§ TASK PROMPT: For the entries below, print exactly the lines between the line holding "Green Bay Packers" and the line holding "Image 1 : JADE NECKLACE 24K GOLD PLATED", inclusive, and nothing else.

Records from a collection:
+++
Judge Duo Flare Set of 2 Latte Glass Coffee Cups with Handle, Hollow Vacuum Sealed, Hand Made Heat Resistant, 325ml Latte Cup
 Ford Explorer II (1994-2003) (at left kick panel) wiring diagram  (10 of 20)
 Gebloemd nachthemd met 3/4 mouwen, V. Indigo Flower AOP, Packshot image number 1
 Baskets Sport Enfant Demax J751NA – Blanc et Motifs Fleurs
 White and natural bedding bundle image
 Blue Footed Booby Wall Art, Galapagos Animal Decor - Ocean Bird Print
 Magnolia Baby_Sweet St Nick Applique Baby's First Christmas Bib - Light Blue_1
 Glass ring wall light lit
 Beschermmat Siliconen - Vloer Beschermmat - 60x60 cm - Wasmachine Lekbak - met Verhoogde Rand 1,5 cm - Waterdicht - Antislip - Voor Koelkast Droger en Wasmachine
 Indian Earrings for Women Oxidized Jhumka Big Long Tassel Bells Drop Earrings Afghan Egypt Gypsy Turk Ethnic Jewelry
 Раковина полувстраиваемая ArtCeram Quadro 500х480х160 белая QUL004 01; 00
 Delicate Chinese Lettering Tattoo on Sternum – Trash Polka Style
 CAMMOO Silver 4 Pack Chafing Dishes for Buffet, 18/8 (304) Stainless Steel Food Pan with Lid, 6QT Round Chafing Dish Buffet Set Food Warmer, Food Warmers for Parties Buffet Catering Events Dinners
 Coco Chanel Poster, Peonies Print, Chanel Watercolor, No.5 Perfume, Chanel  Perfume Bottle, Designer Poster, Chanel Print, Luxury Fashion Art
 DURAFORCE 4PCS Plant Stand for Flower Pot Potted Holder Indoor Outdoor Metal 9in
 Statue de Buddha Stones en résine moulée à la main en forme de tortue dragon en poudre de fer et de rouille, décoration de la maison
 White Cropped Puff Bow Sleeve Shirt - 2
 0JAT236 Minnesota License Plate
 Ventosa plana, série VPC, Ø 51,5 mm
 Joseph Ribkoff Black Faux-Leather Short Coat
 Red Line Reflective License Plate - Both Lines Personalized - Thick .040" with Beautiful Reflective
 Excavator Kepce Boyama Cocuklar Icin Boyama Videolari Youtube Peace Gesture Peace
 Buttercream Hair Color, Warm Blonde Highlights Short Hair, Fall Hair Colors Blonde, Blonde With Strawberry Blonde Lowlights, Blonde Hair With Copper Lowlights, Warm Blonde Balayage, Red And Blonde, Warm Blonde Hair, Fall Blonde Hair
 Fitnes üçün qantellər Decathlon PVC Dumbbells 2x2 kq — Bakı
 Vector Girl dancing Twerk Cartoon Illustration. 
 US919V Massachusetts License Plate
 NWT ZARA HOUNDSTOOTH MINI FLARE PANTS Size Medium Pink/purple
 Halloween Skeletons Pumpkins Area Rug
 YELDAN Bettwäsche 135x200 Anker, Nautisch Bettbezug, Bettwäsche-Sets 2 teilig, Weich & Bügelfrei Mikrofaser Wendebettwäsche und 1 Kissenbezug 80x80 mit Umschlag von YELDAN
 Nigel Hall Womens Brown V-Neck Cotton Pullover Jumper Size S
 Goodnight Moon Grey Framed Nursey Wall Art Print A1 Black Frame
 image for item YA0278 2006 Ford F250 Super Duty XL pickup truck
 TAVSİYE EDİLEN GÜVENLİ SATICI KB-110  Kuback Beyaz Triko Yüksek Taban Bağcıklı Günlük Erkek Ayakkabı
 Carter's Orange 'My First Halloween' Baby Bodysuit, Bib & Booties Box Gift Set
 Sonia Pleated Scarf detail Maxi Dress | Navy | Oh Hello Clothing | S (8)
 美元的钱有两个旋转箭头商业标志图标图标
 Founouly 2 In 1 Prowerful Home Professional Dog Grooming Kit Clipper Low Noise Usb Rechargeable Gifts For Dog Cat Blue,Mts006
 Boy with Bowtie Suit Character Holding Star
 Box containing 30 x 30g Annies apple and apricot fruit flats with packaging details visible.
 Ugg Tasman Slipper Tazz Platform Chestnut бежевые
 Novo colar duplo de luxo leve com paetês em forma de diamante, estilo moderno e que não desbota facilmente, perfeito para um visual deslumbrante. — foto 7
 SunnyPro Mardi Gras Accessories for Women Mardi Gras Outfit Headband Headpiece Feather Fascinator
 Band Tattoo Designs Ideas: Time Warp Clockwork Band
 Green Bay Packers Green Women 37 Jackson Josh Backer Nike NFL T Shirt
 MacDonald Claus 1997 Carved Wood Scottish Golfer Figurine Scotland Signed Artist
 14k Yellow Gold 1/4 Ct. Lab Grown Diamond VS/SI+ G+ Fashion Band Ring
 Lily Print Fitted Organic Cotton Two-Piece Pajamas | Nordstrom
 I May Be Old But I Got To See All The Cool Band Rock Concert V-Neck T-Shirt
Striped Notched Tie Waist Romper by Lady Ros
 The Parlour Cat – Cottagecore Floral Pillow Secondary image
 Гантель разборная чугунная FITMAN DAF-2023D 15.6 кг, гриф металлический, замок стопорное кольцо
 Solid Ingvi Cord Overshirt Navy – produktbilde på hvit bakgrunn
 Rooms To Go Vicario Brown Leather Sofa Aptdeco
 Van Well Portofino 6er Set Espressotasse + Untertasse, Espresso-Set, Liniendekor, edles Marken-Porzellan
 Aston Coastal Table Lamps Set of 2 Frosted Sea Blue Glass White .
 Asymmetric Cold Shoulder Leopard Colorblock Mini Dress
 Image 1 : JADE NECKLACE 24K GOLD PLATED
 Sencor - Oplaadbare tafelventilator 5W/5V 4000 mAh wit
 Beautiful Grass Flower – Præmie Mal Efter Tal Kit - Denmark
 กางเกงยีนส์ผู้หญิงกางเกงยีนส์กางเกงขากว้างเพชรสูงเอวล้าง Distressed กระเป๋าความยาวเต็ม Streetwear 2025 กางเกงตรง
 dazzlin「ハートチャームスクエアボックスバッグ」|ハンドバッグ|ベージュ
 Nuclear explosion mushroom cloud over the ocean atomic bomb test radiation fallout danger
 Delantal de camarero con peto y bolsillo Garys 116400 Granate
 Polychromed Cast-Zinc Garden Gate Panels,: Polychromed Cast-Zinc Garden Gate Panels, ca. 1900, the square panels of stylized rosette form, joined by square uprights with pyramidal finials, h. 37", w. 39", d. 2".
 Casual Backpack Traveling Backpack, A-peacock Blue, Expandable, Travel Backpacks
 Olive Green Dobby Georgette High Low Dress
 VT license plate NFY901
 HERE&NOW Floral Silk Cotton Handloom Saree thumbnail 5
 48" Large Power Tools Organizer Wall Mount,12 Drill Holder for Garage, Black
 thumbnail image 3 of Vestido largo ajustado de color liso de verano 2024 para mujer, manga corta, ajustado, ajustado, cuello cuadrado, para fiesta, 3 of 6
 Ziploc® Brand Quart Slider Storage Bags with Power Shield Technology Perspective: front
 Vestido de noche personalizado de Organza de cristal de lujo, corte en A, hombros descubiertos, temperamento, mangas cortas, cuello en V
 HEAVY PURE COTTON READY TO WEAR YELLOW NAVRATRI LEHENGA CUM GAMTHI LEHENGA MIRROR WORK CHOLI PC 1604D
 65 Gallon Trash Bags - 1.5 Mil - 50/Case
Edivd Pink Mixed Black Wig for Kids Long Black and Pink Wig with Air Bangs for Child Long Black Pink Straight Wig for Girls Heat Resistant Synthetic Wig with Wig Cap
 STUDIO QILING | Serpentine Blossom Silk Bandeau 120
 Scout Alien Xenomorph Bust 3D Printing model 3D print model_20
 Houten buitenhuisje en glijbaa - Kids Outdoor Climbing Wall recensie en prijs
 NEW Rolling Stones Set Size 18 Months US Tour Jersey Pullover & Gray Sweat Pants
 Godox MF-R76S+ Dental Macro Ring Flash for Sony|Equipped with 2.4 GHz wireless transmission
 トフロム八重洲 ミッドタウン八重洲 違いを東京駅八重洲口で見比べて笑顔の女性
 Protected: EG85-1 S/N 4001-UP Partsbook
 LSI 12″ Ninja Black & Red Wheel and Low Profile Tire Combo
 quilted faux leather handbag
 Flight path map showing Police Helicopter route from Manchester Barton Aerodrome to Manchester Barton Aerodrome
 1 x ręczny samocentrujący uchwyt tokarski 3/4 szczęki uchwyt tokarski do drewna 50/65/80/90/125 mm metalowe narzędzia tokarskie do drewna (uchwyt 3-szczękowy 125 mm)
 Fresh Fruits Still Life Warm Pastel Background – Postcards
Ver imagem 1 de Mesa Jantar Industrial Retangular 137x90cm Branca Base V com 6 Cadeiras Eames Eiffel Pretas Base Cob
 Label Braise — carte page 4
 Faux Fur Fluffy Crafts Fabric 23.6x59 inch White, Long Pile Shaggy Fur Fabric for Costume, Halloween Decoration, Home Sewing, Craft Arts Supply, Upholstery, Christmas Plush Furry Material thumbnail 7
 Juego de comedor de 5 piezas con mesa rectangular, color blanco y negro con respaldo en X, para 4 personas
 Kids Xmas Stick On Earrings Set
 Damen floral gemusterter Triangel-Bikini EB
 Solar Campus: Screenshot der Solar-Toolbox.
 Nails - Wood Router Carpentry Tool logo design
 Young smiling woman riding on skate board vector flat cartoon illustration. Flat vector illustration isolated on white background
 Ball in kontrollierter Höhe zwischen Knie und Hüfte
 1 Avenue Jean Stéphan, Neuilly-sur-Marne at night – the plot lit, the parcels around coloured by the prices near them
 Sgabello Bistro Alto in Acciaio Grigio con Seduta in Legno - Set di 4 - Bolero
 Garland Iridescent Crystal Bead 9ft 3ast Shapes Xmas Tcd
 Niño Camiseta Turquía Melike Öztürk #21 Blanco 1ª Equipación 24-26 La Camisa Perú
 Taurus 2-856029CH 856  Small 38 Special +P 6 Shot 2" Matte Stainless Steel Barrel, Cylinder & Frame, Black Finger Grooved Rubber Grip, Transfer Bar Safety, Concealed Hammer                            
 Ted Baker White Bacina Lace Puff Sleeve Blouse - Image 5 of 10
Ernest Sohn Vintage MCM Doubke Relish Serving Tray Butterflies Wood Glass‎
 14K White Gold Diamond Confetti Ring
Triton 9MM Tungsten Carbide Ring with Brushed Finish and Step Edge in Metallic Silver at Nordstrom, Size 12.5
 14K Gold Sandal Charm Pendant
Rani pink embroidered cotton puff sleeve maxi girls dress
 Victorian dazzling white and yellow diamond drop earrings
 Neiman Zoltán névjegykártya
+++
§ TASK SOLUTION:
 Green Bay Packers Green Women 37 Jackson Josh Backer Nike NFL T Shirt
 MacDonald Claus 1997 Carved Wood Scottish Golfer Figurine Scotland Signed Artist
 14k Yellow Gold 1/4 Ct. Lab Grown Diamond VS/SI+ G+ Fashion Band Ring
 Lily Print Fitted Organic Cotton Two-Piece Pajamas | Nordstrom
 I May Be Old But I Got To See All The Cool Band Rock Concert V-Neck T-Shirt
Striped Notched Tie Waist Romper by Lady Ros
 The Parlour Cat – Cottagecore Floral Pillow Secondary image
 Гантель разборная чугунная FITMAN DAF-2023D 15.6 кг, гриф металлический, замок стопорное кольцо
 Solid Ingvi Cord Overshirt Navy – produktbilde på hvit bakgrunn
 Rooms To Go Vicario Brown Leather Sofa Aptdeco
 Van Well Portofino 6er Set Espressotasse + Untertasse, Espresso-Set, Liniendekor, edles Marken-Porzellan
 Aston Coastal Table Lamps Set of 2 Frosted Sea Blue Glass White .
 Asymmetric Cold Shoulder Leopard Colorblock Mini Dress
 Image 1 : JADE NECKLACE 24K GOLD PLATED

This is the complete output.